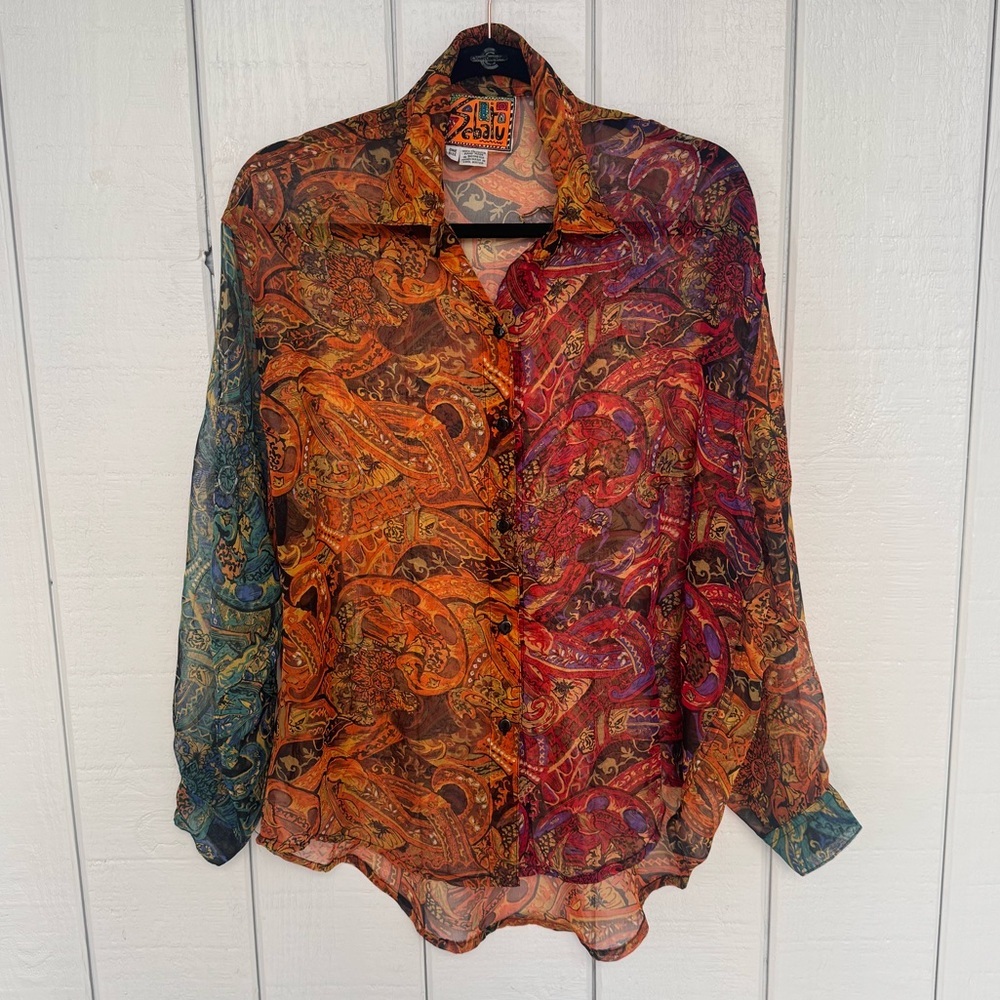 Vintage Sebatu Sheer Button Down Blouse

--

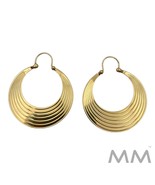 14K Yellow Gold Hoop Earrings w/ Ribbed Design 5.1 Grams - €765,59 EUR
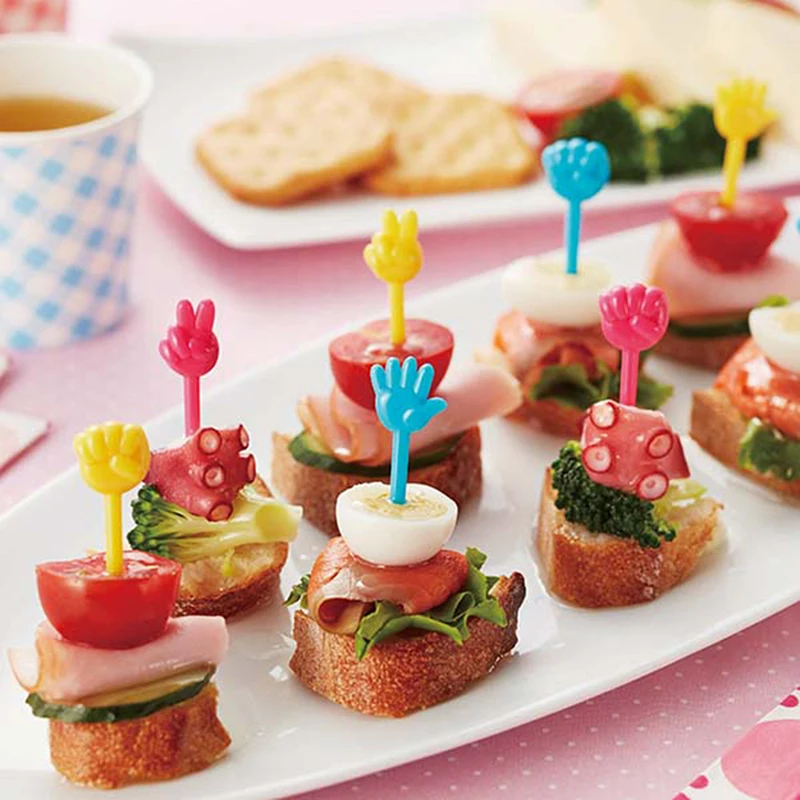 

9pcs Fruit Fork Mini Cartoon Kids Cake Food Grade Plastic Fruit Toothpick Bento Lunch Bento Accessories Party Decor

--

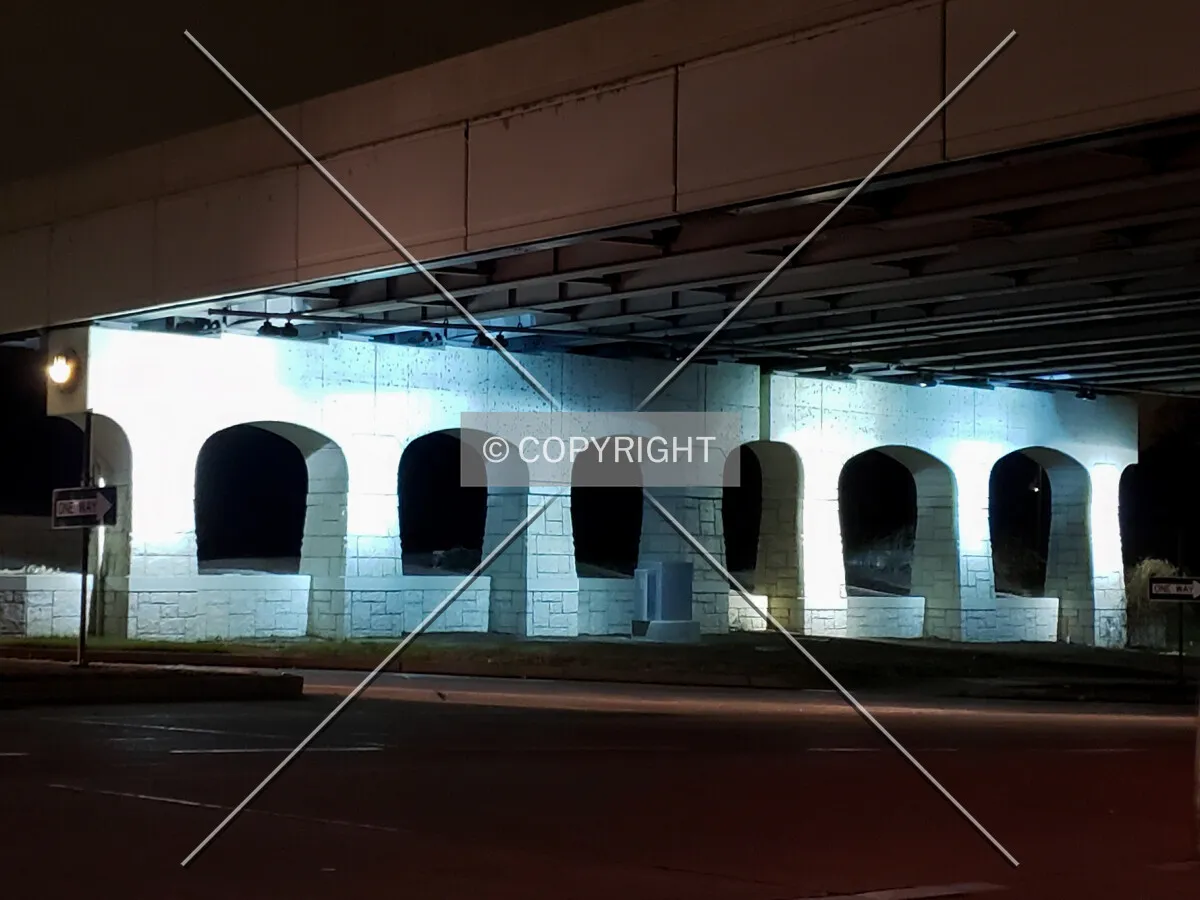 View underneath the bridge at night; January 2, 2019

Work item: Above are the records; copy exactly the lines from the one with "14K Yellow Gold" through the one with "9pcs Fruit Fork", including both, and nothing more. Leave out pictures.

Final answer:
 14K Yellow Gold Hoop Earrings w/ Ribbed Design 5.1 Grams - €765,59 EUR

9pcs Fruit Fork Mini Cartoon Kids Cake Food Grade Plastic Fruit Toothpick Bento Lunch Bento Accessories Party Decor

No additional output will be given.